The Arlington County Board has agreed to join residents of the Stonewall Jackson area of North Arlington in an effort to get the first mile of a 230,000-volt transmission line placed underground instead of overhead as proposed by the Virginia Electric and Power Co.

Vepco wants to erect a mile-long stretch of 14 overhead transmission lines averaging 90 feet high through a largely residential neighborhood as part of a two-mile project to meet future electrical demands in the Ballston and Clarendon areas. The proposed $4.3 million project also includes a new substation in Clarendon.

The second mile of transmission lines in the project will go underground in ducts built years ago during street renovations. Vepco spokesmen have said it would cost another $1.5 million to run the first mile underground.

The first mile is slated to run overhead from Vepco's Glen Carlyn substation at South Kensington Street and Four Mile Run Drive, along the old right-of-way of the defunct Washington and Old Dominion Railroad, to the Avon substation near Fairfax Drive and Buchanan Street. From there it would run underground for a mile to the new Clarendon substation near North Nelson and North Quincy streets.
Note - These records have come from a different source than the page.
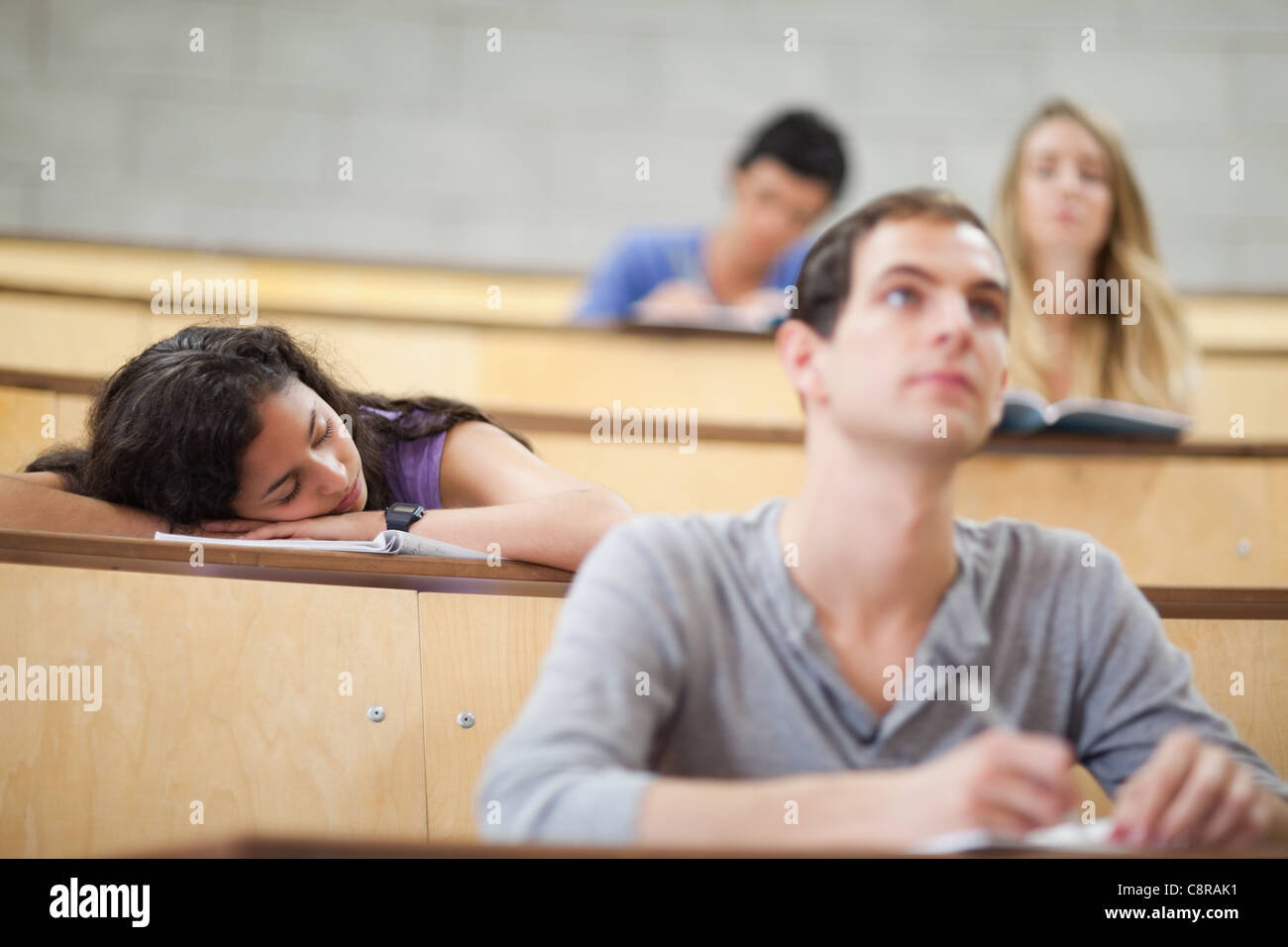 Estudiantes escuchando un profesor mientras su compañero está durmiendo Foto de stock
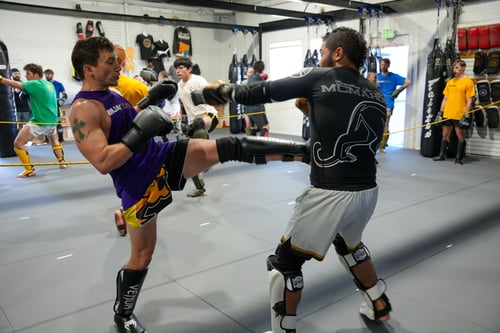 Photo of two Muay Thai students sparring at McMahon Training Center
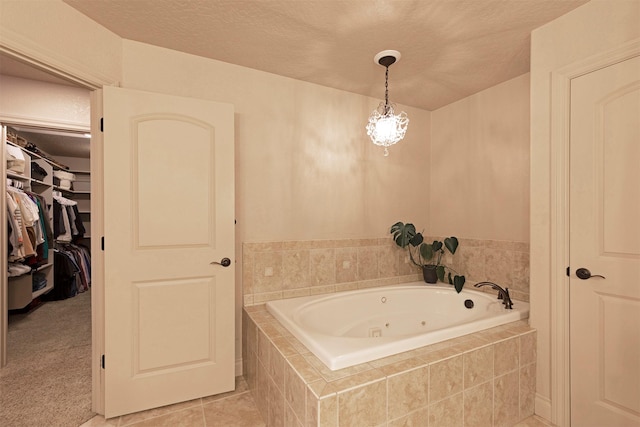 bathroom featuring tiled bath, a textured ceiling, and tile patterned flooring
Vepco has argued that it legally is obligated to choose the least expensive alternative for its customers in order to keep costs down state-wide, and has contended that placing the first mile underground at the request of a local government would set a bad precedent.

But the county board and the nearly 100 citizens who attended Saturday's board meeting to complain about the project disagreed with Vepco. Speaker after speaker cited aesthetics and possible safety hazards if the project were built as Vepco proposes.

Vepco has applied to the State Corporation Commission, which regulates utilities in Virginia, for approval to erect the transmission lines and substation. The SCC has set a July 27 hearing in Richmond, but county board members said they would try to get the hearing moved to Arlington.

Because state law now prohibits the county from blocking such projects by denying use permits--as a previous board did to block the same project in 1974--the board decided to intervene at the SCC hearing. Members said they would try to persuade the SCC to order Vepco to spread the additional cost of placing the first mile underground among customers state-wide, although they asked for a report from the county staff on the possibility of a surcharge on Arlington customers or a surcharge on only those who would directly benefit from the project.